After that performance, Barrett reclassified to the 2018 NCAA class, a decision that his father explained in July would not be taken lightly.

“This year had made it clear there are no physical limitations for him,” the elder Barrett said. “The second part was just academically because there’s work you have to do to put yourself in position to leave early, like getting your SATs and making sure you have the right core average to qualify in the NCAA and all those kind of things. That’s where we are right now and he’s done all the requisite work, so now we kinda have to go back and look at all the pros and cons, write them out, look at them and make sure he understands them. Ultimately, he’s going to be the one to make the decision and have to live with it.”

In joining the 2018 class, Barrett surged to the top of it. ESPN’s recruiting database has Barrett as its No. 1, ahead of the highly rated Zion Williamson, the player most expect Barrett to vie against to be the top pick in the 2019 NBA Draft.

Despite offers from a laundry list of top programs including Arizona, Kansas, Michigan and UCLA, Barrett has narrowed his destination down to three schools: Oregon, Duke and the aforementioned Kentucky.

Having coached against Barrett in the summer, Calipari has seen the young small forward’s abilities firsthand and paid a recruiting visit to Florida to see him in September. It couldn’t hurt the Wildcats’ chances to land Barrett that close friend Jamal Murray recently played under Calipari and thrived.

“John Calipari’s a great guy,” the elder Barrett told the Lexington Herald-Leader’s Ben Roberts in July. “I don’t think we need to waste a whole lot of time talking about coaching, because clearly he knows what he’s doing between the lines.

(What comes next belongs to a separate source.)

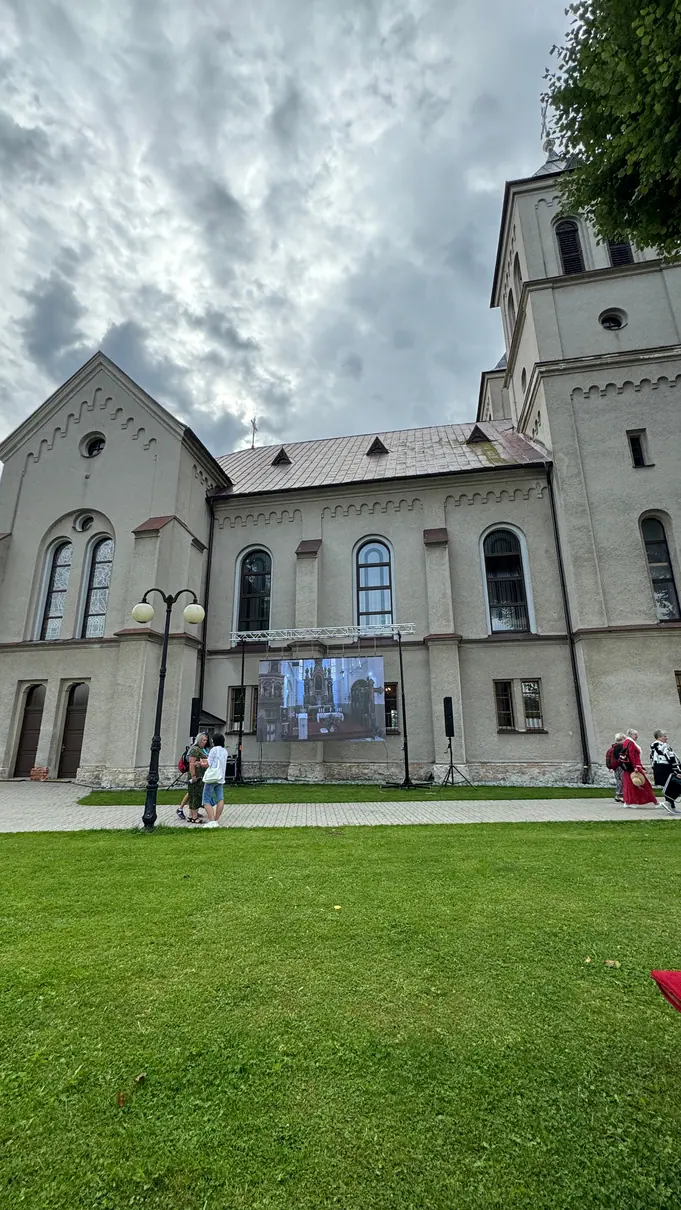 LED obrazovka na fasáde kostola s prenosom primičnej svätej omše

It seems that he knows how to get out the talent that’s inside the athlete that he coaches, which is important as well. And, obviously, they win a lot.”

Calipari currently has 26 former Wildcats in the NBA with John Wall, DeMarcus Cousins, Anthony Davis, Devin Booker and Karl-Anthony Towns among them. To say that Calipari, who led the Wildcats to the 2012 NCAA Championship, has a knack for turning good young prospects into professionals is an understatement, but there might be a coach out there who’s even better at it.

Duke’s Mike Krzyzewski is a living legend. Only the iconic John Wooden has won more NCAA titles than Coach K’s five. Heading into his 38th season at the helm of the Blue Devils, Krzyzewski has sent 56 players to the NBA from his Duke teams. The likes of Grant Hill, Kyrie Irving, JJ Redick, Shane Battier and Carlos Boozer were Krzyzewski’s charges.

It would be difficult to turn away the chance to learn from the master and, if Barrett were to head to Durham, he’d link up with Cam Reddish, the No. 3 recruit in the 2018 class, who’s already committed to the Blue Devils. Tre Jones, the younger brother of former Blue Devil Tyus Jones, has also committed to next fall’s class. Barrett met with Coach K in Florida in October.

If Oregon seems like an odd fit for Barrett considering that it doesn’t possess the pedigree that Kentucky and Duke do, it’s not. While Dana Altman led the Ducks to the Final Four for the first time in nearly 80 years last spring (with a team featuring fellow Mississauga native Dillon Brooks, now of the Memphis Grizzlies), it’s a friendship that could bring Barrett to Eugene. Freshman forward and St. Catharines, Ont. native Abu Kigab played alongside Barrett on the U19 team and remains a close pal of his. Heading to the Ducks would give Barrett the opportunity to play with his friend once again.

The Barretts are keeping R.J.’s choice close to the vest. Not even the schools in question reportedly know which way Barrett is leaning. In fact, it can’t even be said for certain that Barrett has made up his mind yet. Whichever direction Barrett decides to go, then, marks the next stage in what should be a process that leads R.J. Barrett to the pro game and the opportunity to become the next prodigious talent to make good on the early hype.

Sidney Crosby. John Tavares. Connor McDavid. R.J. Barrett.

Learn his name and prepare to remember it.